[[ RAW DATA open ]]
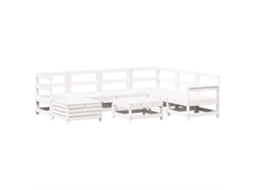 Conjunto 8 Sofás de Jardim Pinho VIDAXL Maciço Branco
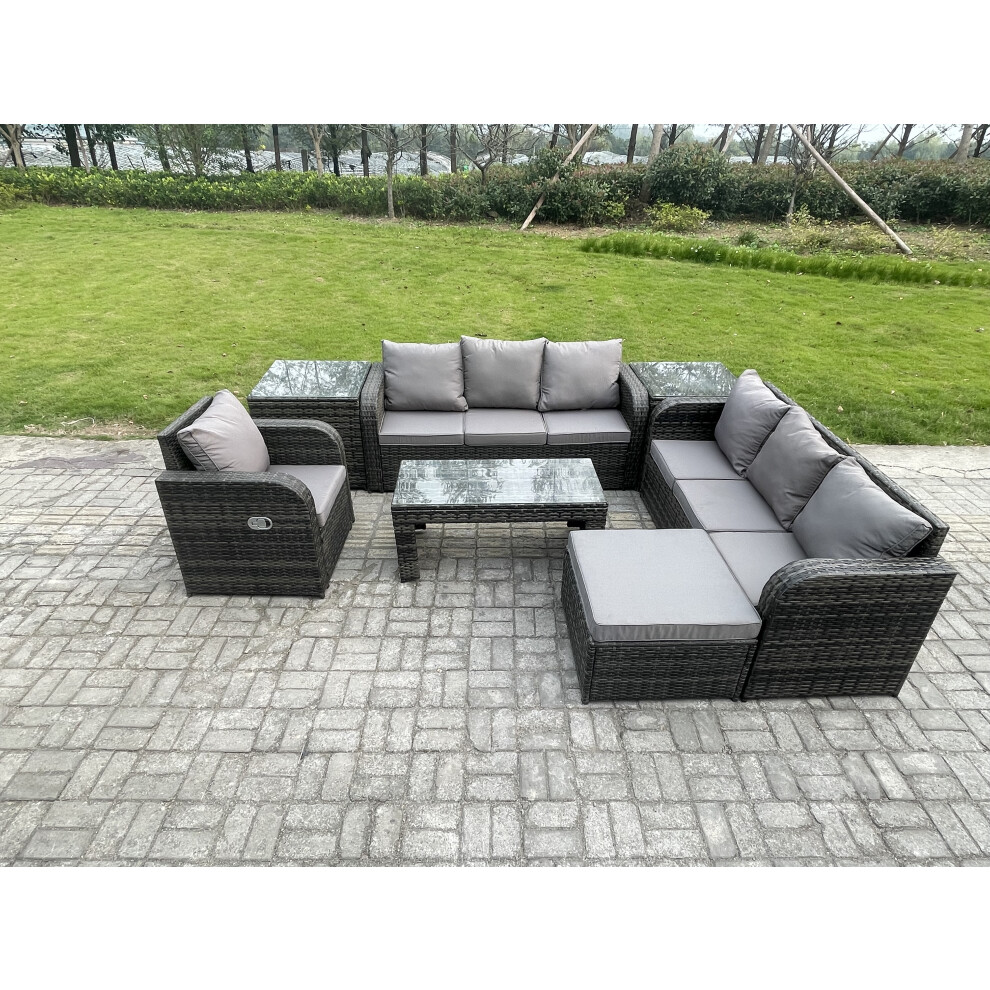 Fimous 8 Seater Outdoor Lounge Sofa Set Rattan Garden Furniture Set With Rectangular Coffee Table Big Footstool Brown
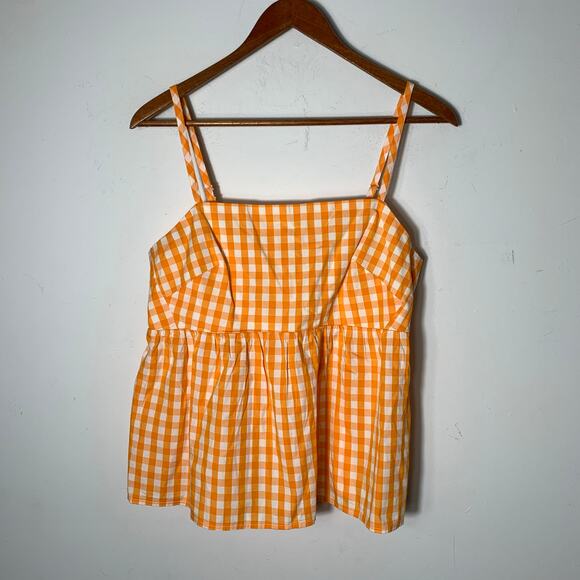 Womens J Crew Factory Tie-back strappy top orange and white checked size 6 EUC! - Picture 2 of 3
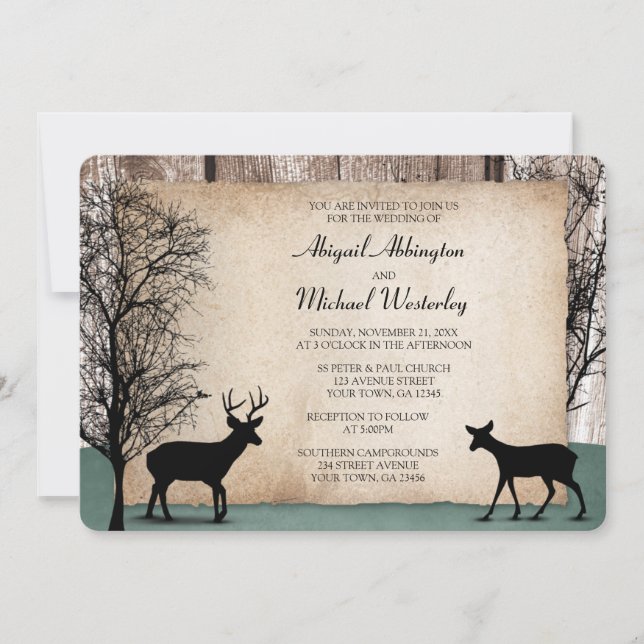 Rustic Woodsy Deer Wedding Invitations (Front)
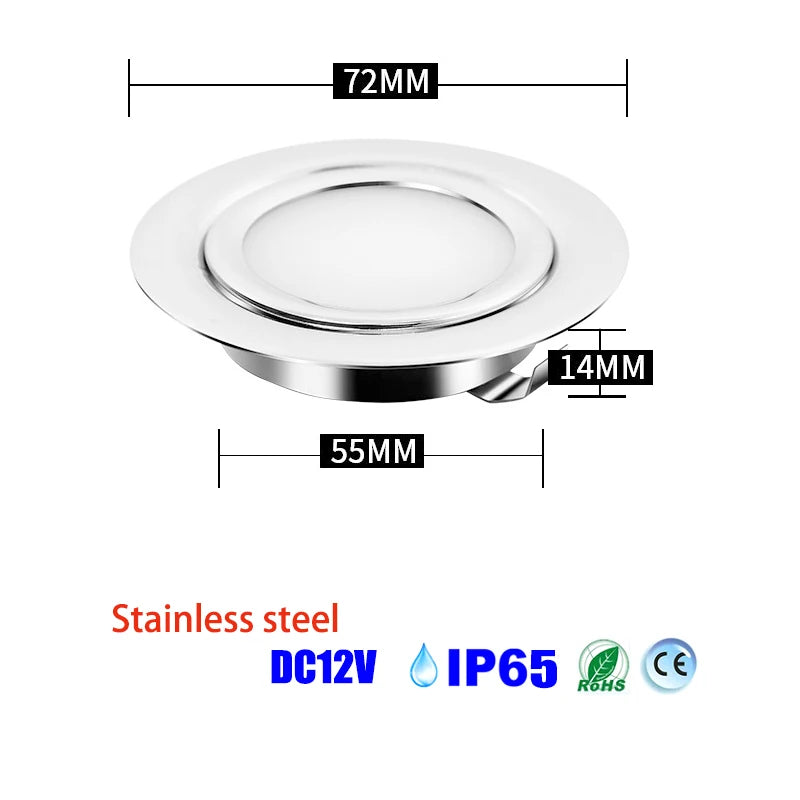 IP65 LED-Licht 12V Mini Down light dimmbar wasserdicht Scheinwerfer Decke Spot Einbau schlanke Lampe Küche Bad Schrank 3w rgbw
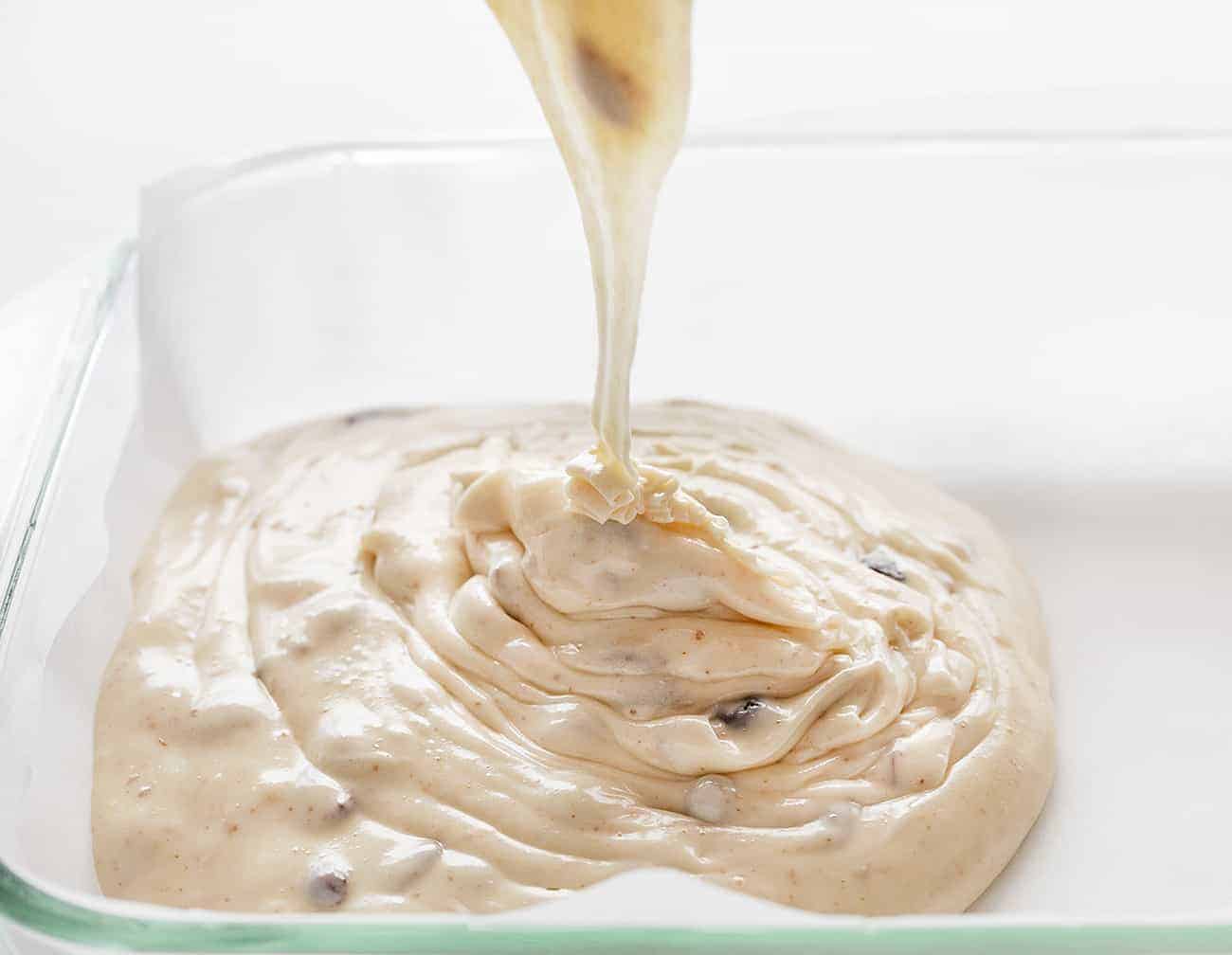 White Chocolate Cranberry Fudge Being Poured Into Pan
[[ RAW DATA closed ]]
> **WHAT THIS TASK INVOLVES**:
In the records above, find the line that contains "Womens J Crew", then write it out along with every line after it, exactly, through the last one. Leave the pictures out.

> **TASK RESPONSE**:
 Womens J Crew Factory Tie-back strappy top orange and white checked size 6 EUC! - Picture 2 of 3
 Rustic Woodsy Deer Wedding Invitations (Front)
 IP65 LED-Licht 12V Mini Down light dimmbar wasserdicht Scheinwerfer Decke Spot Einbau schlanke Lampe Küche Bad Schrank 3w rgbw
 White Chocolate Cranberry Fudge Being Poured Into Pan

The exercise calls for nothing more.